• DESCRIPTION OF THE TASK
Leave out the pictures and repeat the data exactly.

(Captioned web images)
= = =

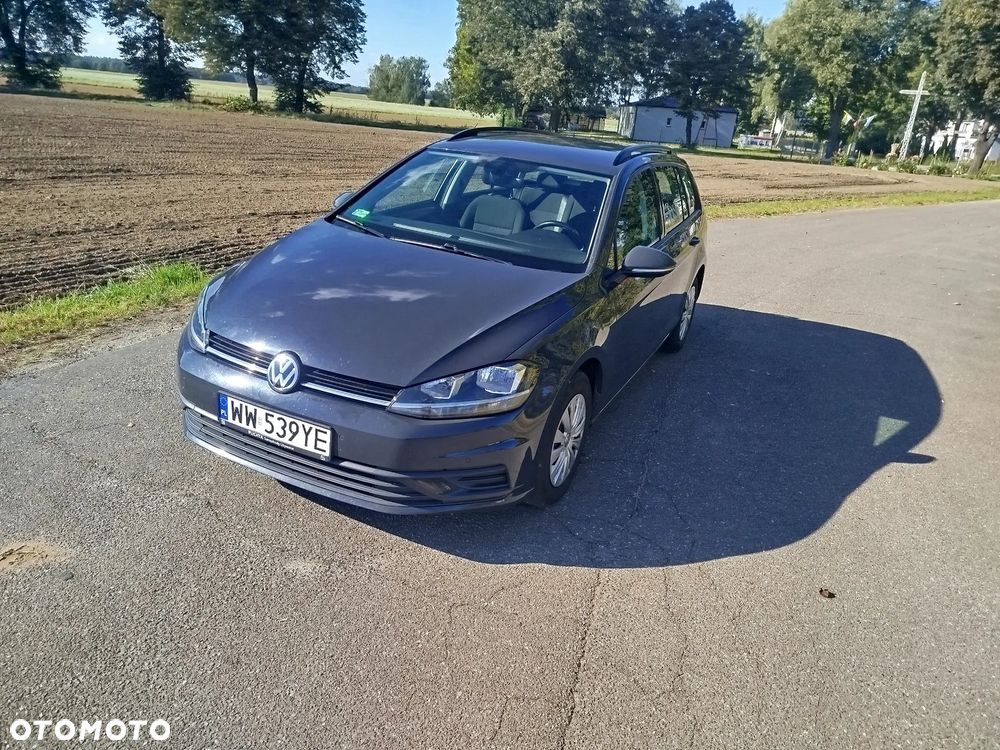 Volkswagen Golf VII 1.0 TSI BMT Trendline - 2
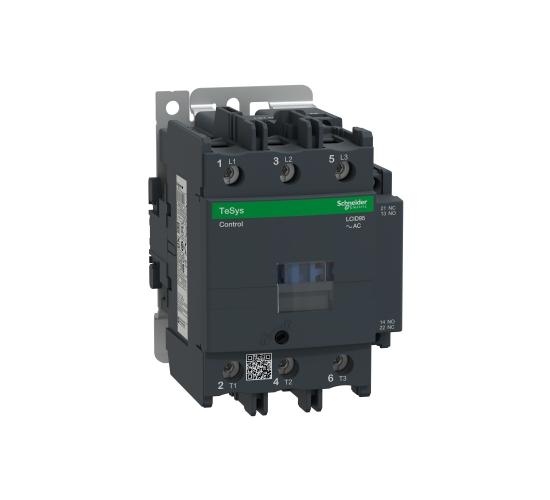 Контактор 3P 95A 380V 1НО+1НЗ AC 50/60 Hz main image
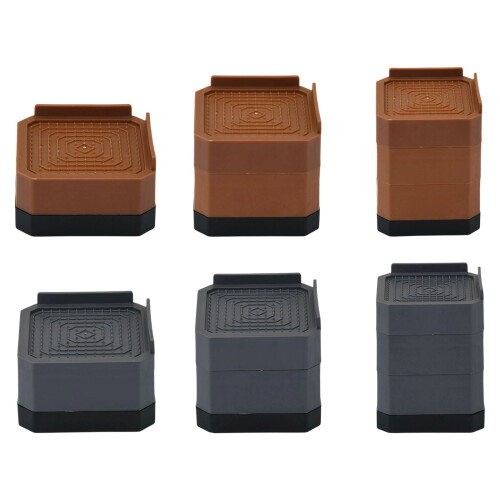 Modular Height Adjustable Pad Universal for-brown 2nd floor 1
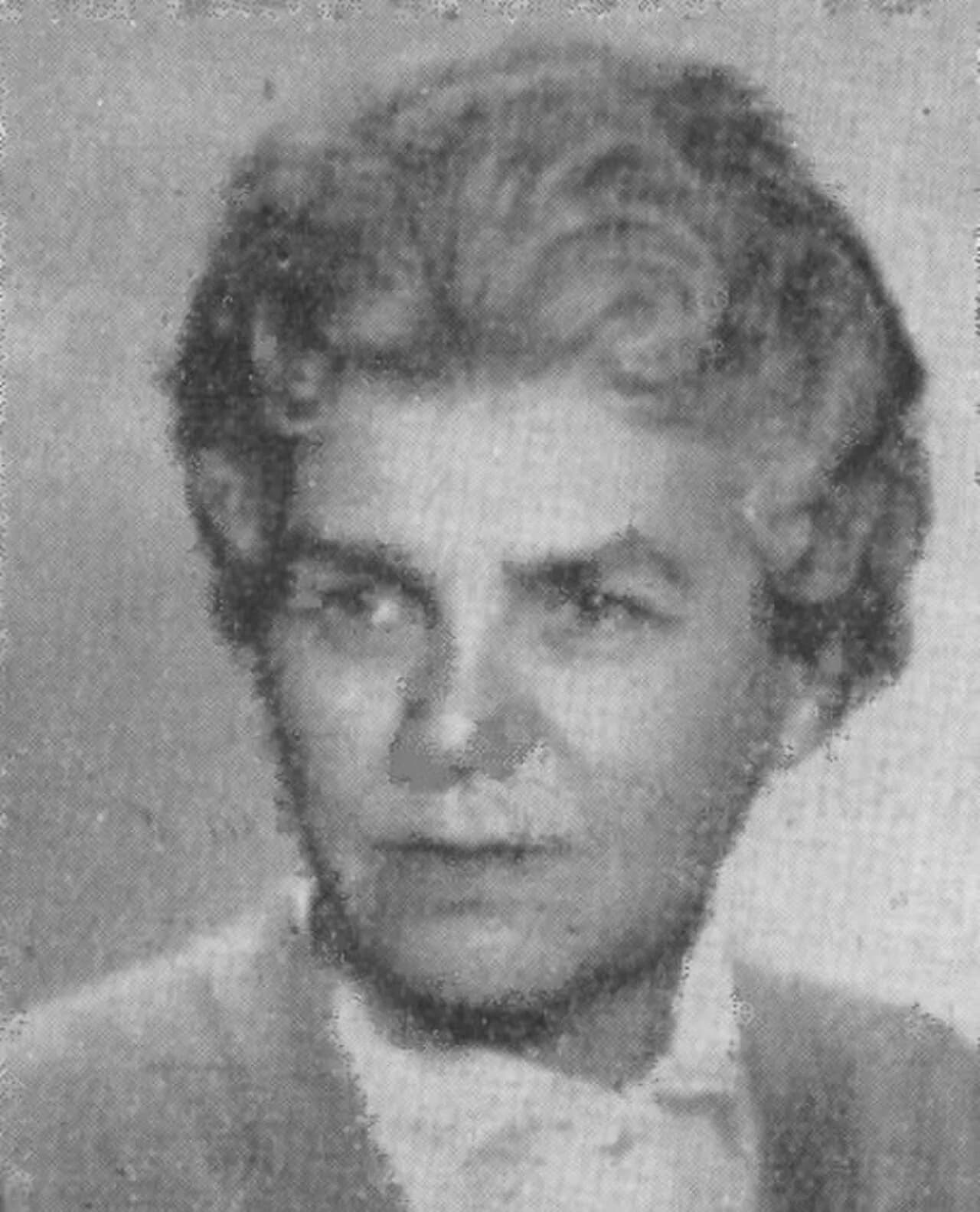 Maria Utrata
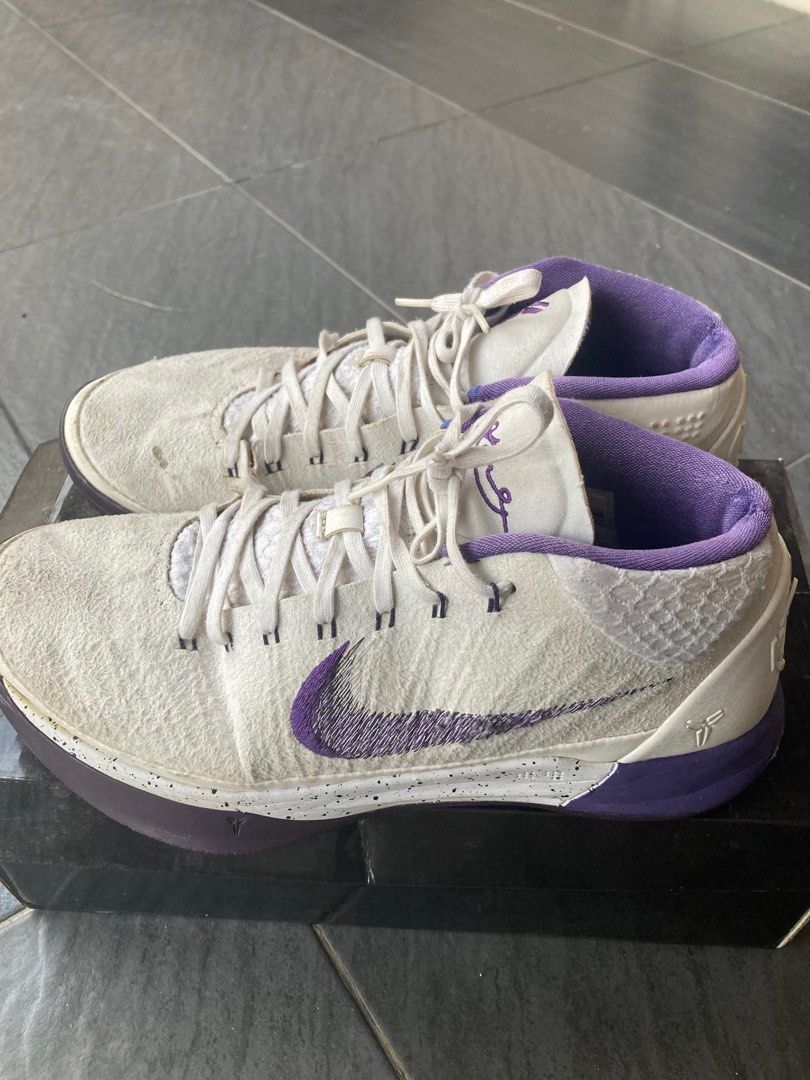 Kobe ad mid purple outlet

= = =

• ANSWER SPACE
 Volkswagen Golf VII 1.0 TSI BMT Trendline - 2
 Контактор 3P 95A 380V 1НО+1НЗ AC 50/60 Hz main image
 Modular Height Adjustable Pad Universal for-brown 2nd floor 1
 Maria Utrata
 Kobe ad mid purple outlet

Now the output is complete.